つい半月前にも、クロアチアのフヴァル島からスプリットまで渡るフェリーが約2時間遅れ、乗るはずだったバスを逃してしまったばかりだった。
クロアチアで一番参った日
そしてクロアチアに入って最も「参った」と思った混雑は、つい2日前に経験したクロアチアのドブロブニクからお隣の国モンテネグロのコトルへ移動する際の大混雑。
私が乗るはずだった午前10時ドブロブニク発のバスは、バス会社のミスでオーバーブッキング。私を含む10名が、バスに乗り込めずドアの前で立往生していた。
もちろん全員、事前に予約を取っていたし、バス会社の言う通りにチケットをきちんとプリントアウトして手元に用意していた。
当たり前のようにバスに乗れない全員の不満は高まり、不満の声や説明を求める声が飛び交う中で、バスの運転手もかなりピリピリしていた。
そんな中で強行突破に出たのがバスの運転手
「とにかく次のバスが来るまで待つように」。らちがあかないと思ったのか、バスの運転手はそのひと言だけ告げてバタンと乱暴にバスのドアの閉め、私たち10名をかなり不快な方法で締め出した。
「しょうがないか」
そんなちょっとありえない状況でも、その時の私は気持ちに比較的余裕があった。その日はコトル入りするだけで、後に迫る何か特別な計画を立てていたわけでもなかったから。早々にスーツケースに座ってパソコンを開き、次のバスが来るまでの時間を潰すことにした。
そして11時に到着するはずの次のバスがようやくやってきたのは、1時間半遅れた12時半。それでも無事にバスに乗れたので良しとし、後は約2時間半もすればコトルに着くか。そう思っていた。
夏のハイシーズンは道路も国境超えも大混雑
そこでまた待ち受けていた大混雑が、クロアチア・モンテネグロ間で行う出国・入国審査。国境に続く道は一車線しかなく、出国・入国審査を行うゲートのはるか先まで車の渋滞が続いていた。
炎天下の中でクーラーも効かないバスでじっと待つ事1時間以上。ようやくクロアチアでの出国審査を終えたと思ったら、次に待つのはモンテネグロへの入国審査。
自分の審査を終え後、バスの他の乗客が審査を行っている間にトイレを済ませようとすると、そこにもまた長蛇の列。結局あまりにも列が長すぎてバスの出発までにトイレを済ますことはできず、慌ててバスに引き返す。
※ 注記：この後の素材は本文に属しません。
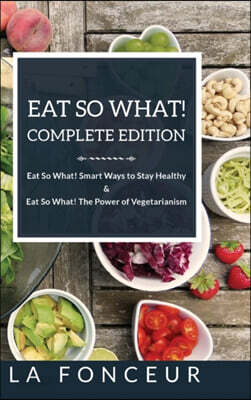 Eat So What! Complete Edition: Book 1 and 2 (Full Color Print): Eat So What! Smart Ways to Stay Healthy & The Power of Vegetarianism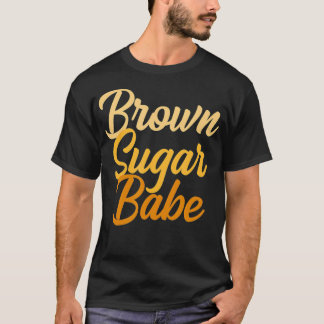 Brown Sugar Babe1 T-Shirt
その時、私がトイレに行った事でバスの出発が少し遅れたと運転手に怒鳴られる始末。
大混雑でストレスが溜まっているのは分かるけど、それはお互いさまじゃない。
喉元までそんな言葉がこみ上げてきたけど、ここで怒っても何も意味がないと思ったのでやめた。ただただ、できれば感じたくなかった人間の内側に触れた気がして、残念で悲しい気持ちになった。
そしてようやく目的地のコトルに着いたのは、本来の到着予定時刻から4時間も過ぎた午後5時半だった。
通常だったら片道2時間~2時間半で行けるところを、夏のハイシーズンの大混雑の影響で2倍以上の時間がかかっている。
国境を越える必要があるので、バスは予定時刻よりも遅れる可能性があることはチケット購入時にもアナウンスがあった。
でもまさか、予定時刻から4時間も遅れるとは思ってもみない。遅れても1時間程度だろうと思っていた。
結局この日の移動にかかった時間はほぼ丸1日。そしてどこに行っても人人人の大混雑、加えてバスの運転手の終始ピリピリした雰囲気。さすがにこたえたなぁと感じた一日だった。
そして目的地のコトルに着いた時には、そんな気疲れも重なってヘトヘトになっていた。